##### Supplied data

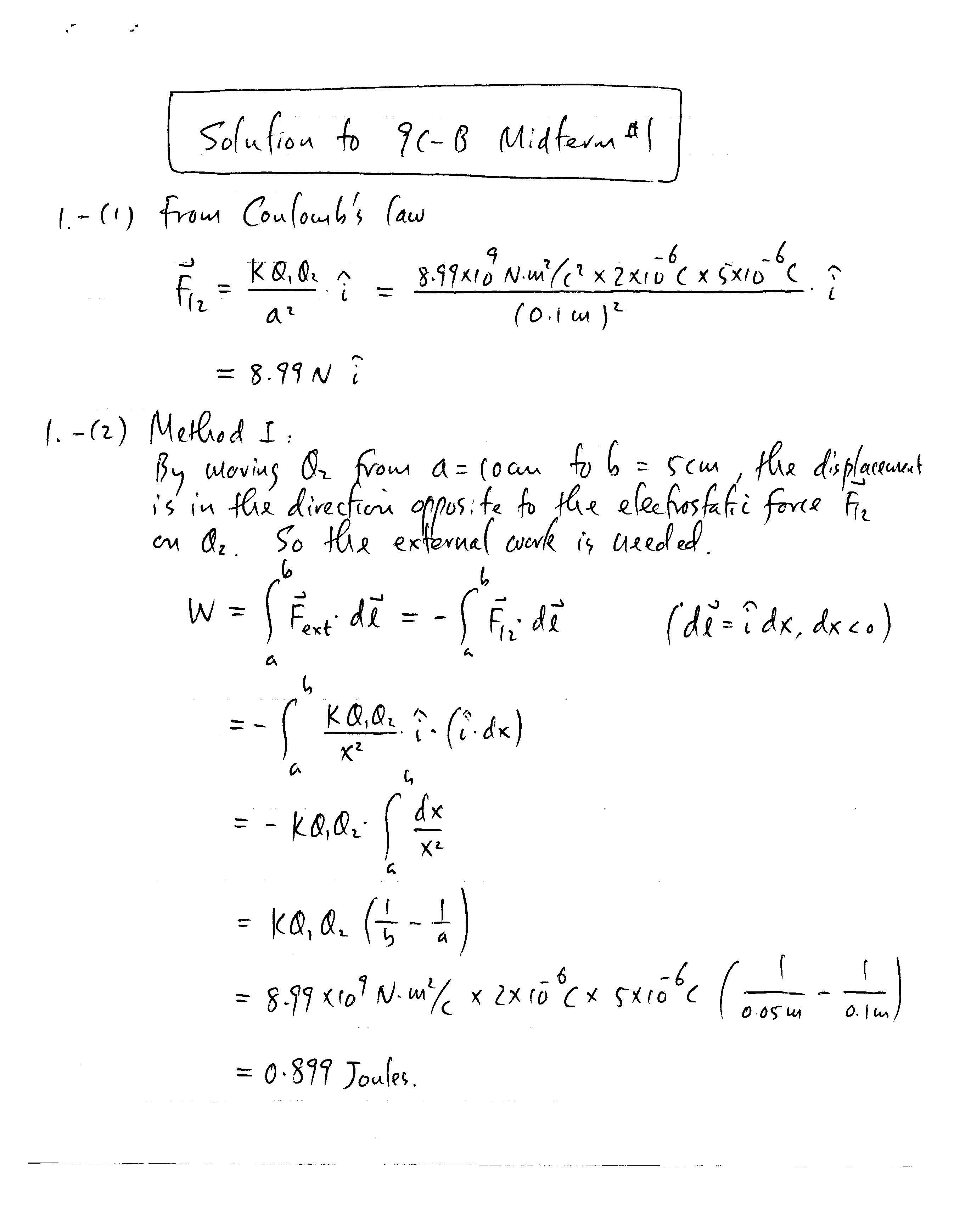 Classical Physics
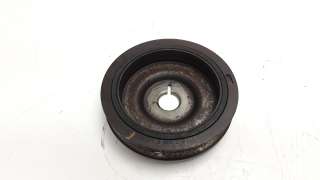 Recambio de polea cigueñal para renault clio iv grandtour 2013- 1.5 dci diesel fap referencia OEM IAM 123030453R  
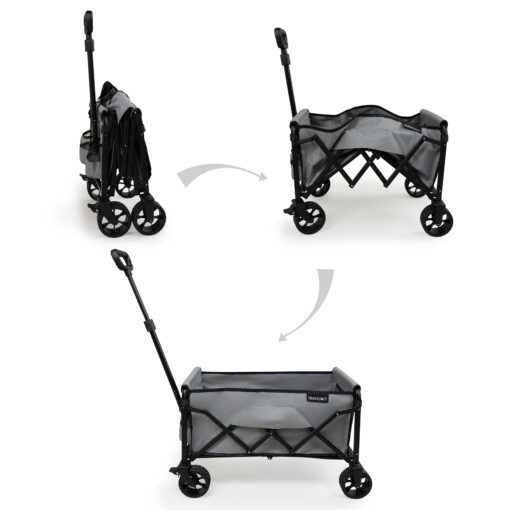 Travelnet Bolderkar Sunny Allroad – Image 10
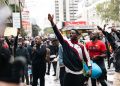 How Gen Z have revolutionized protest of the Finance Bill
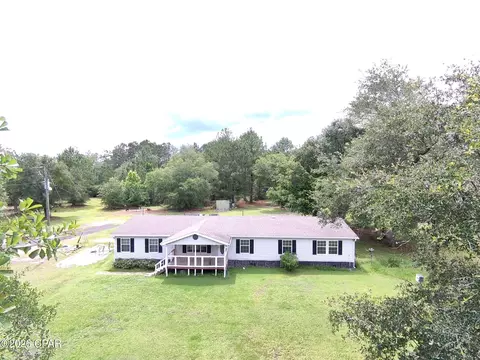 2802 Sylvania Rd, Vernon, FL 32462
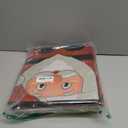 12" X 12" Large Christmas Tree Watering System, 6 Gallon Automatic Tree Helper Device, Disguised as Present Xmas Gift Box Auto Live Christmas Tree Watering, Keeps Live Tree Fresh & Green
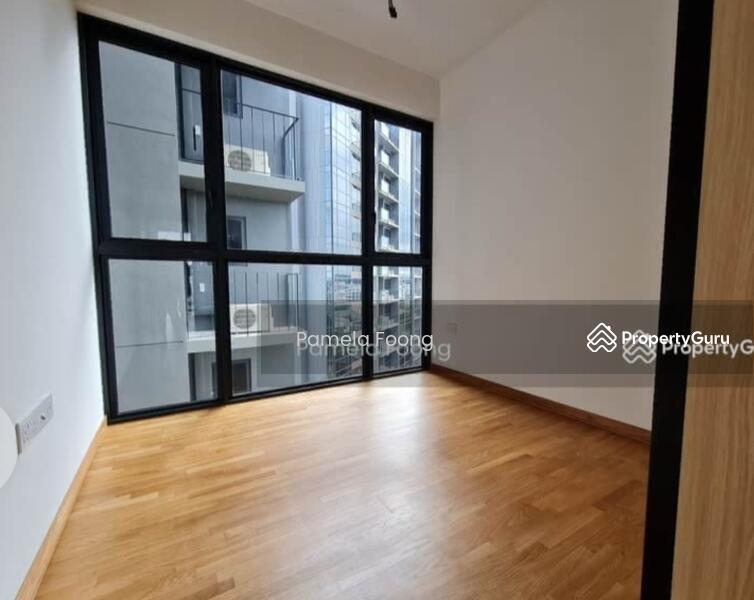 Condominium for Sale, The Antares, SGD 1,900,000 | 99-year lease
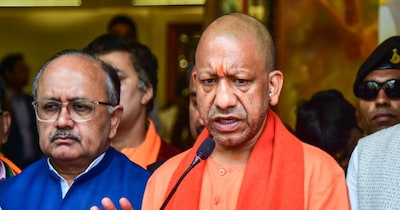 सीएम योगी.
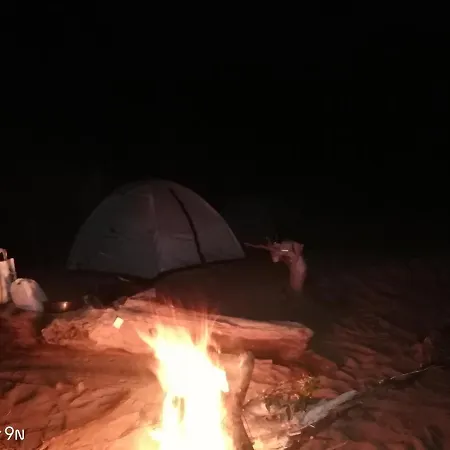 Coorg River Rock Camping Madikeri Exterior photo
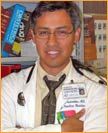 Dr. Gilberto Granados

##########

[Work instructions]
Once you find the line that contains "2802 Sylvania Rd, Vernon, FL 32462", reproduce it and every line after it through the end of the entries above, exactly as written, with no pictures.

[Reply]
 2802 Sylvania Rd, Vernon, FL 32462
 12" X 12" Large Christmas Tree Watering System, 6 Gallon Automatic Tree Helper Device, Disguised as Present Xmas Gift Box Auto Live Christmas Tree Watering, Keeps Live Tree Fresh & Green
 Condominium for Sale, The Antares, SGD 1,900,000 | 99-year lease
 सीएम योगी.
 Coorg River Rock Camping Madikeri Exterior photo
 Dr. Gilberto Granados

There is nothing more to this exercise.